I am falling, she thought, I am falling like a star falls in the sky. Down to the limitless all.
Moments later he asked where the bedroom was, and she led him, hand in hand, deliriously happy, to the room. She didn’t even think to pull the blinds, for it was hardly likely anyone was out on Mercy Street tonight in any case, and even to do that would take her away from him for too long. She followed his lead, each caress and embrace travelling deeper, and somehow she found herself without cloths, without care, without inhibition, meeting flesh with flesh, a passion and a heat, till they were one.

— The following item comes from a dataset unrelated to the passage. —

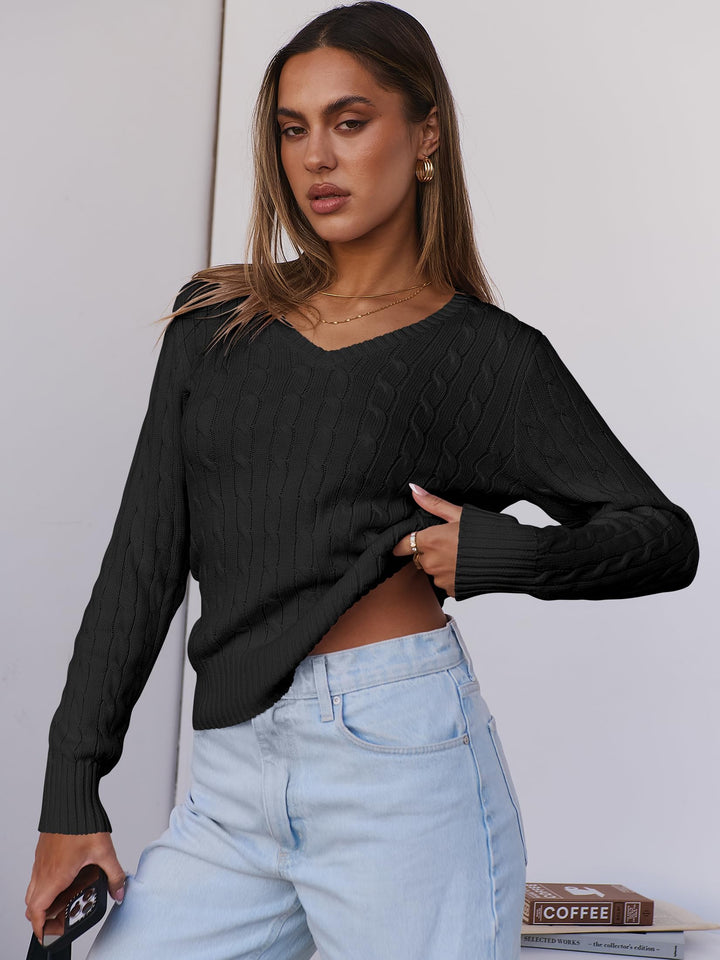 ANRABESS Womens Long Sleeve Cable Knit Sweater 2025 Fall Fashion V Neck Fitted Pullover Top Business Casual Work Fall Outfits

And not once did Lisa look outside the window, and not once did she see they were not alone, not alone at all. In the darkness of the street, seeing them with total clarity from the lamplight in the bedroom, seeing every move of every embrace, every kiss, was a horrified and devastated witness. A witness who fell back with each move, shaking her head, tears streaming from her cheeks. And these were cheeks that had been tear-stained already this night, this night when the bullying continued apace, to the point that she had fled the auditorium at school where the school sleep over ‘study night’ was in full flight.
Mandy watched her mother with Damien, every last young dream of her pitiful, lost little life extinguished moment by moment. By the time she could no longer see them as they had fallen on the bed, out of sight from the window, Mandy was beyond thought, beyond feeling.
She turned and ran again, and ran and ran, till she was behind No 6 Mercy Lane, up the hill, just looking at the tree, the Hanged Girl tree. And when she looked up at the cloudy night, no stars were in sight. No stars at all.